EXERCISE INPUTS>
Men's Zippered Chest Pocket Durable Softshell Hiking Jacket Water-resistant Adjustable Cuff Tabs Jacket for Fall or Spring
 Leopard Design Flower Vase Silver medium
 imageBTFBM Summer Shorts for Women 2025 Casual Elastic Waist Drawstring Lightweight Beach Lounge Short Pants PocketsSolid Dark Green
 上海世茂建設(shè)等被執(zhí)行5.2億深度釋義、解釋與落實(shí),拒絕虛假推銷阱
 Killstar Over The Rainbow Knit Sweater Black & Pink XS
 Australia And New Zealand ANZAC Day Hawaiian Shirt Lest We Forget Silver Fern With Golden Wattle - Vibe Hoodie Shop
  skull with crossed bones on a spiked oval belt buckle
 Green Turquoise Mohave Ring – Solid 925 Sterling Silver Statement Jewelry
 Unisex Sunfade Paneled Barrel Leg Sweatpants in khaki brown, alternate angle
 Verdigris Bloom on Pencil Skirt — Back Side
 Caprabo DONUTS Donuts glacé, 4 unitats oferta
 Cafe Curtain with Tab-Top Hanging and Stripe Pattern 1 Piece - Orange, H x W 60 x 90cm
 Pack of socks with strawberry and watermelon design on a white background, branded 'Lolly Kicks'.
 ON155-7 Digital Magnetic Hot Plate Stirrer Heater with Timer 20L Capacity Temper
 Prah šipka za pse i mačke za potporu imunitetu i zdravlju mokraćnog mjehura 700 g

ASSIGNED TASK>
Give the entries once more, exactly as they appear.

YOUR RESPONSE>
Men's Zippered Chest Pocket Durable Softshell Hiking Jacket Water-resistant Adjustable Cuff Tabs Jacket for Fall or Spring
 Leopard Design Flower Vase Silver medium
 imageBTFBM Summer Shorts for Women 2025 Casual Elastic Waist Drawstring Lightweight Beach Lounge Short Pants PocketsSolid Dark Green
 上海世茂建設(shè)等被執(zhí)行5.2億深度釋義、解釋與落實(shí),拒絕虛假推銷阱
 Killstar Over The Rainbow Knit Sweater Black & Pink XS
 Australia And New Zealand ANZAC Day Hawaiian Shirt Lest We Forget Silver Fern With Golden Wattle - Vibe Hoodie Shop
  skull with crossed bones on a spiked oval belt buckle
 Green Turquoise Mohave Ring – Solid 925 Sterling Silver Statement Jewelry
 Unisex Sunfade Paneled Barrel Leg Sweatpants in khaki brown, alternate angle
 Verdigris Bloom on Pencil Skirt — Back Side
 Caprabo DONUTS Donuts glacé, 4 unitats oferta
 Cafe Curtain with Tab-Top Hanging and Stripe Pattern 1 Piece - Orange, H x W 60 x 90cm
 Pack of socks with strawberry and watermelon design on a white background, branded 'Lolly Kicks'.
 ON155-7 Digital Magnetic Hot Plate Stirrer Heater with Timer 20L Capacity Temper
 Prah šipka za pse i mačke za potporu imunitetu i zdravlju mokraćnog mjehura 700 g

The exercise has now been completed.